A tidy story, yes? Memory. These things are not part of life in Los Angeles. But from the porch of my apartment last Saturday, I felt rain on my neck, saw early evening-angled sunrays attack a giant black thundercloud to the delight of a) me b) the resulting rainbow, and c) the low-rumbling thunder, exploding into full-on claps in celebration of an annual emergence, announcing the reign of rain over this desert (much to the terror of young children from the building next-door, still too small to have escaped from LA). Without thundering rain, this fair dry city misses out on the oh-so important sporadic reminder that there are larger forces at work. Those few seconds between flash and rumble keep us quiet. Sometimes earthquakes come around here, folks tell me, but I haven't felt one yet.

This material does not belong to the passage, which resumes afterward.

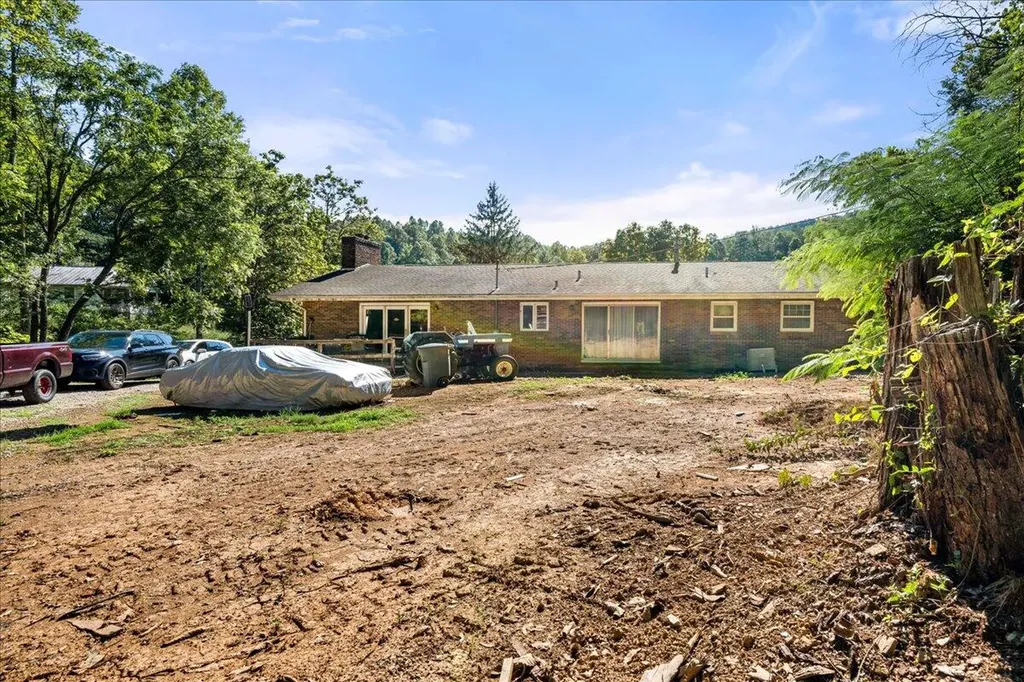 928 Indian Creek Road Corbin KY 40701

Just a few, quiet seconds. Three weeks ago I began working as a personal and office assistant / project manager for an eccentric millionaire businessman. He is a workaholic. He tolerates mistakes only as stepping stones. Here is a bulleted list of things: You will never have time in your life to juggle more than three of these things at once. You can try to tackle more, but you'll end up doing things half-assed. Doing things half-assed is tacky. There are ways to get around this by blending multiple items from the list into a single activity, but most of these time-tactics invole playing Vice City with friends, or reading about Vice City somewhere, or typing about Vice City on your web site--and such combinations tend to bring dangerous side effects when you finally climb into a real vehicle and get on the highway to visit your girlfriend.

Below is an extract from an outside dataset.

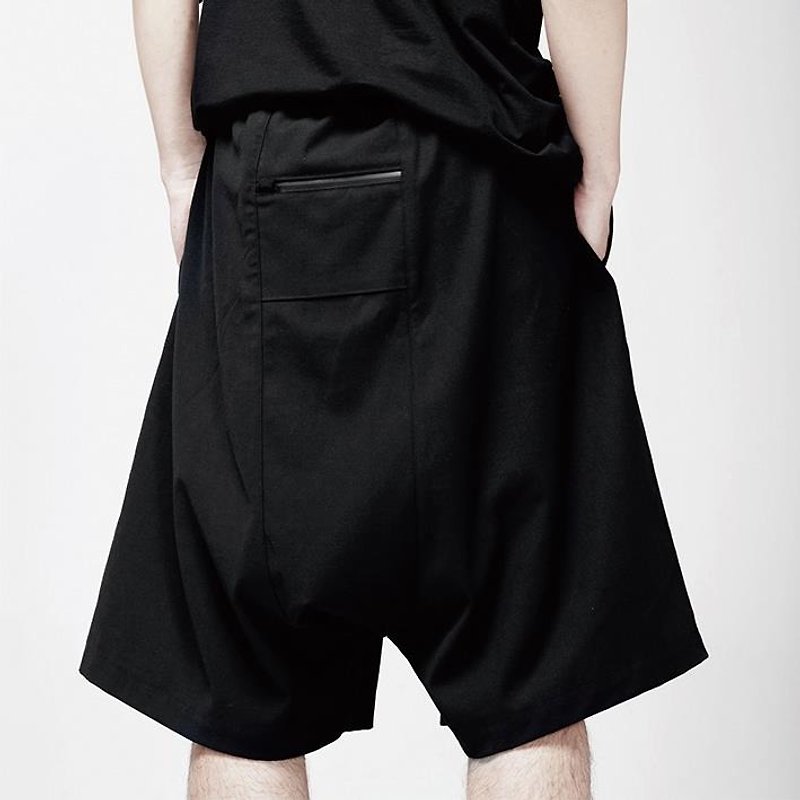 TRAN - Rear zip shorts - Men's Pants - Cotton & Hemp Black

Maybe I forgot how busy busy can be. I don't remember. What? I'm hungry. I don't remember if I ate. I know that the challenge is to channel it all into more productivity, these time-trials.

It's the quiet moments that get sublimated first: staring at one part of the wall for too long, absorbed in song. An afternoon daydream. Evesdropping on couples in the coffeeshop, out of the corder of my eye. Observing a small bird in the morning. Staring at hand contours in the shower. These pauses are the first to go, during busy times, the moments of pure present. And somewhere in there come thoughts of painting and songwriting and all such fallow-lying hobbies; friends I haven't spoken to in two months, six months; magazine articles begun and abandoned. If it wasn't for NPR in traffic, heaven knows I would have no idea what's going on in the world. The true luxury of the car stereo.

But. So. It's winter, somewhere else, mostly, but here, too, and tonight as we trim our 7 foot, 42 dollar Christmas tree with strings of blue lights and tiny candy-canes, the warmth of participation in tradition is palpable. Spirit swells easy when you carry your luggage on your back, your commas in your fat fingertips. In five days I'll be at the quarter century mark, and it will feel only a little different.